▶ Exercise description
Restate word for word only the lines running from the one with "Fototapeta F 35" to the end of the data, both ends included. Omit any pictures.

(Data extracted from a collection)

● ● ●

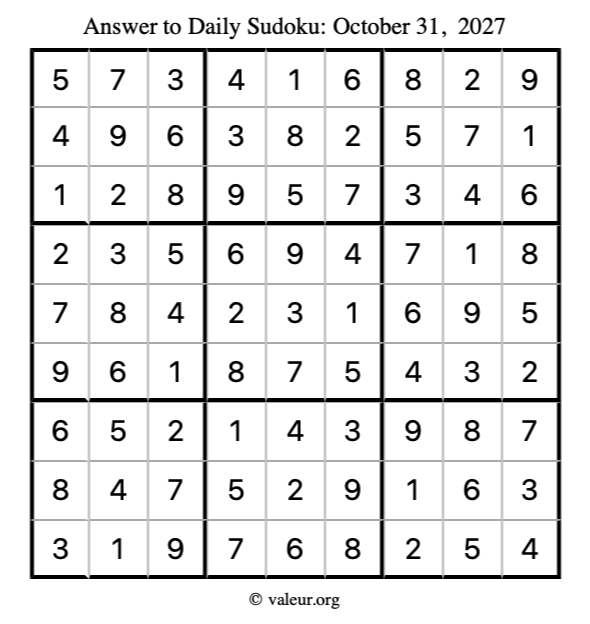 Answer to sudoku October 31, 2027
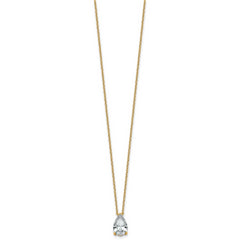 14k 1 1/2 carat Certified Lab Grown Diamond VS+ F+ Pear Complete 18 inch Four Prong Pendant Necklace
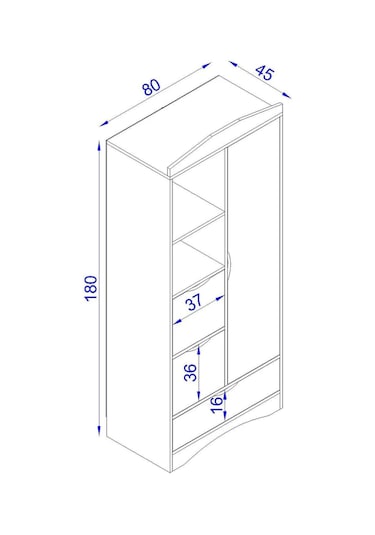 Floradesign Gardırop / Elbise Dolabı / Çocuk Genç / Raflı Ve Çekmeceli Gri Beyaz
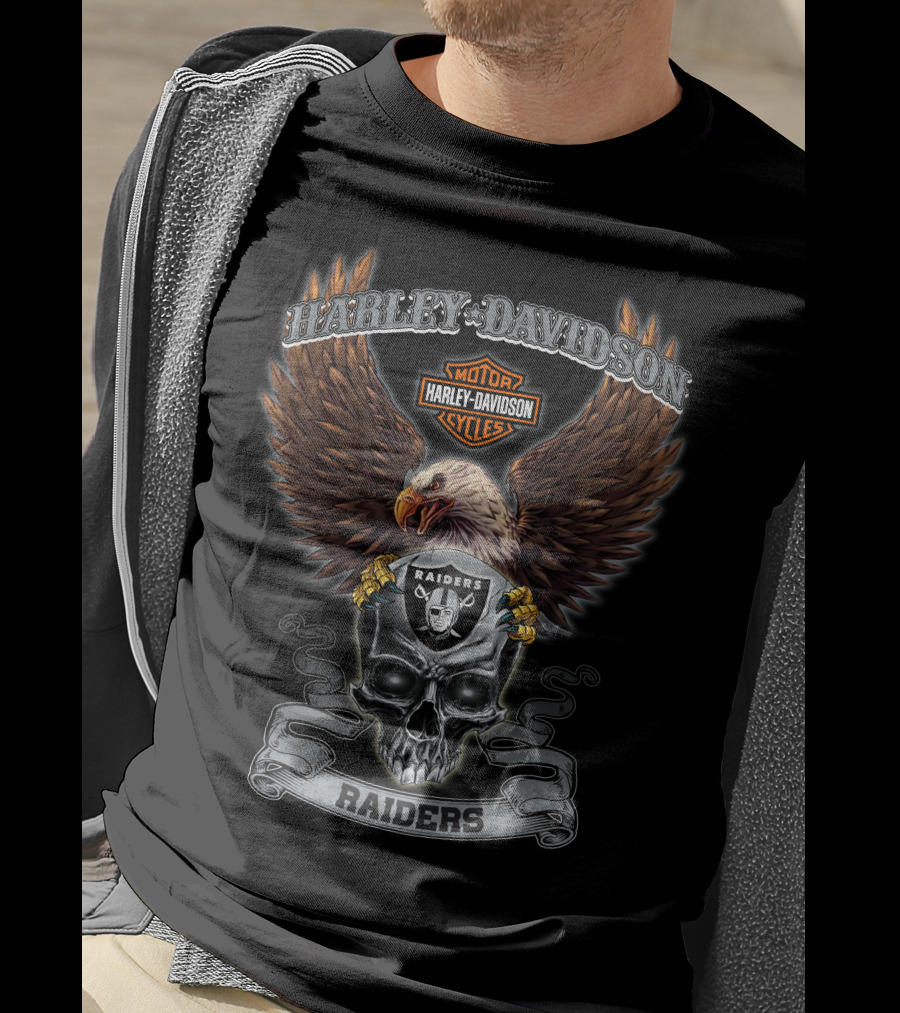 Harley Davidson Motor Cycles Raider Skull Eagle Raiders T-Shirt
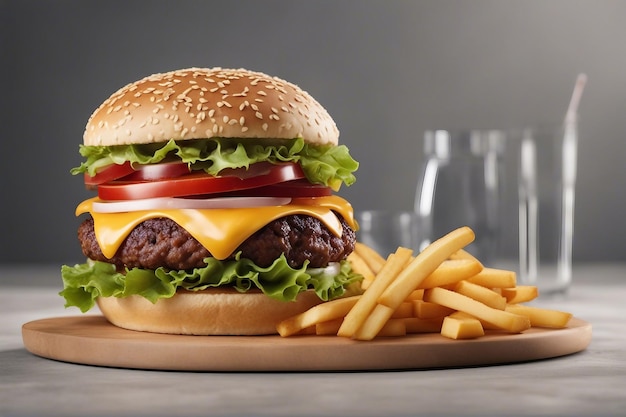 Delicious hamburger and French fries isolated on a wooden board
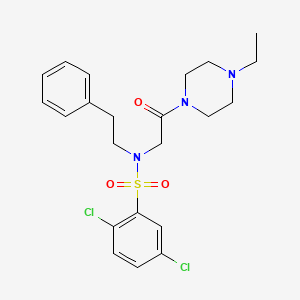 molecular formula C22H27Cl2N3O3S B4108612 2,5-dichloro-N-[2-(4-ethyl-1-piperazinyl)-2-oxoethyl]-N-(2-phenylethyl)benzenesulfonamide 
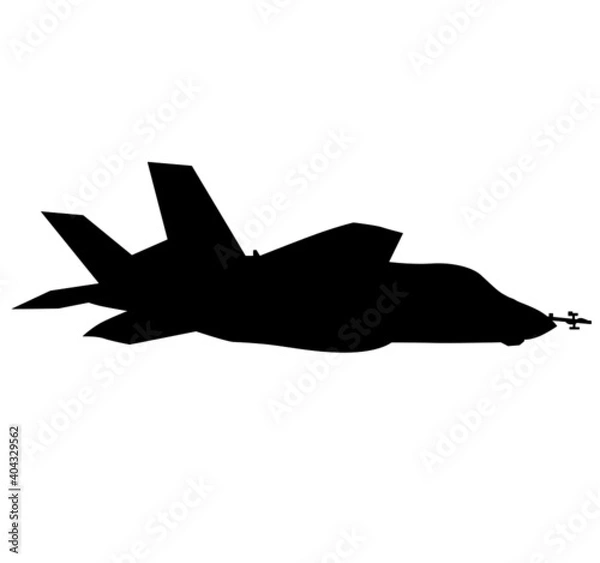 Fototapeta F 35 Air Force stealth F-35 Lightning II fighter jet. Isolated realistic silhouette
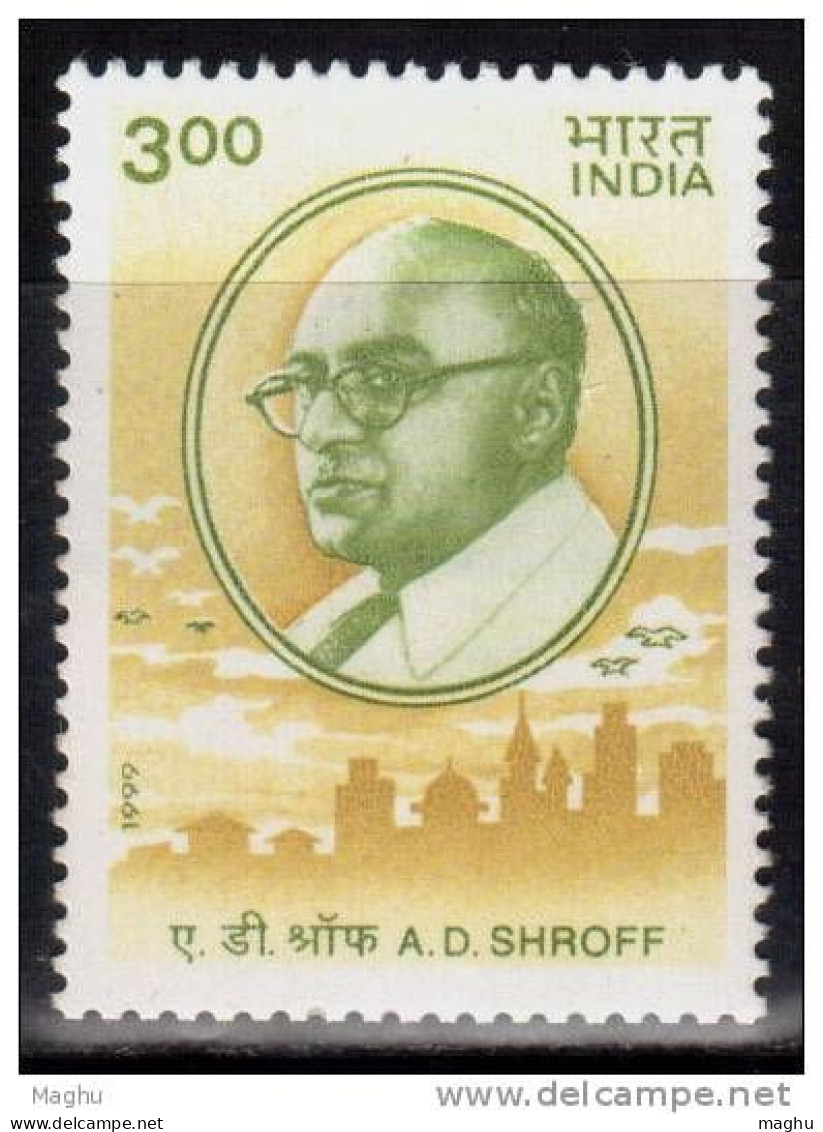 India MNH 1999, Shroff, Economist And Development, Economy, - Ungebraucht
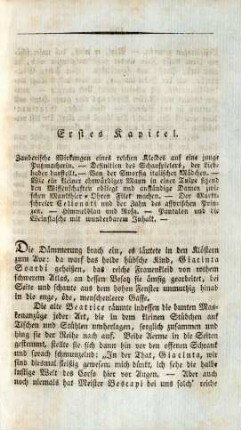 Erstes Kapitel. Zauberische Wirkungen eines reichen Kleides ...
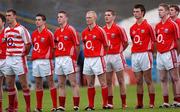 5 May 2007; Members of the Cork team stand for the National Anthem before the start of the game. Cadbury All-Ireland U21 Football Final, Cork v Laois, Semple Stadium, Thurles. Photo by Sportsfile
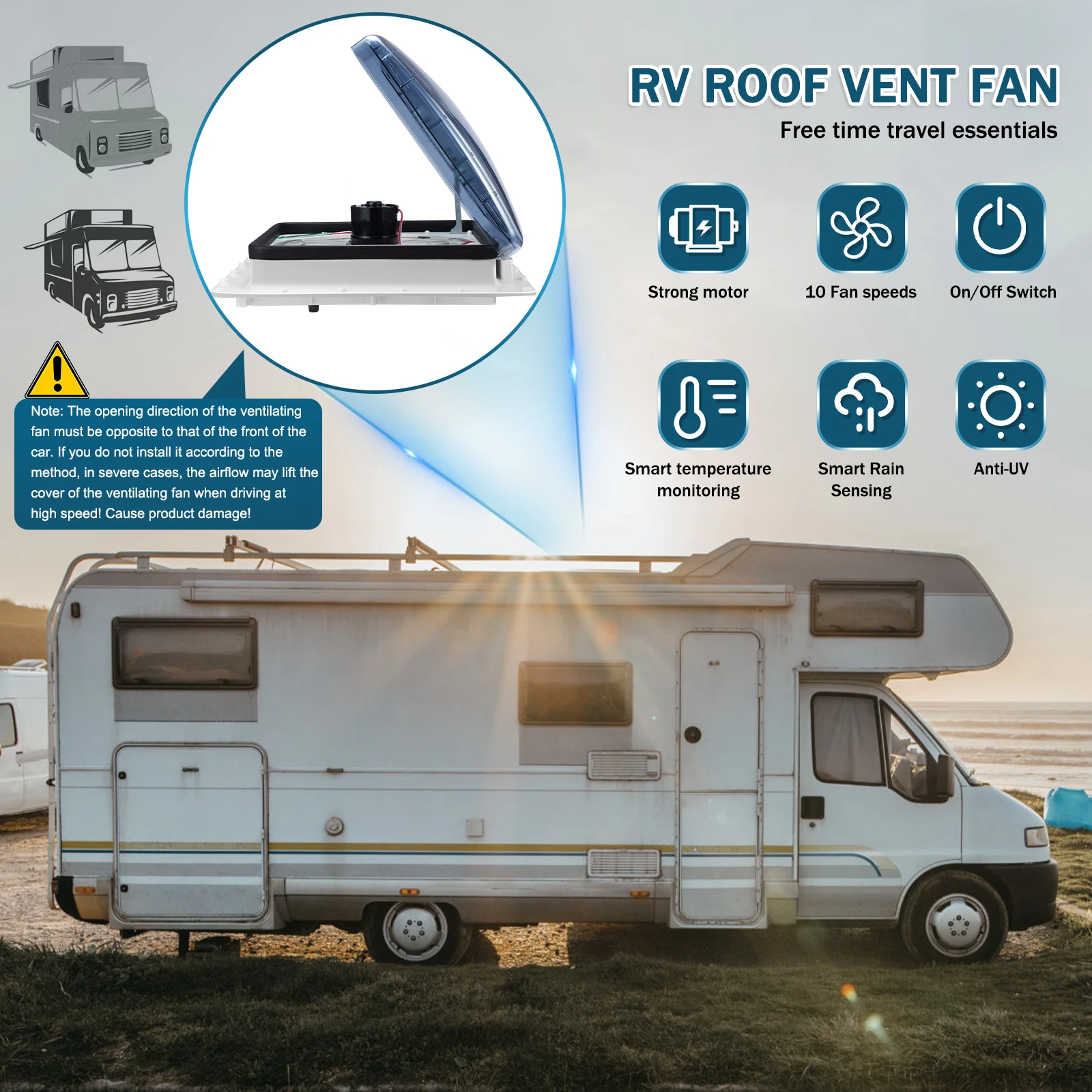 RV Roof Vent Fan Reversible Exhaust Fan with Rain Sensor Temperature Monitoring 12V with Remote for RV Air Ventilation Ceiling rv ventilation fan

● ● ●

▶ Solution to this task
 Fototapeta F 35 Air Force stealth F-35 Lightning II fighter jet. Isolated realistic silhouette
 India MNH 1999, Shroff, Economist And Development, Economy, - Ungebraucht
 Erstes Kapitel. Zauberische Wirkungen eines reichen Kleides ...
 5 May 2007; Members of the Cork team stand for the National Anthem before the start of the game. Cadbury All-Ireland U21 Football Final, Cork v Laois, Semple Stadium, Thurles. Photo by Sportsfile
 RV Roof Vent Fan Reversible Exhaust Fan with Rain Sensor Temperature Monitoring 12V with Remote for RV Air Ventilation Ceiling rv ventilation fan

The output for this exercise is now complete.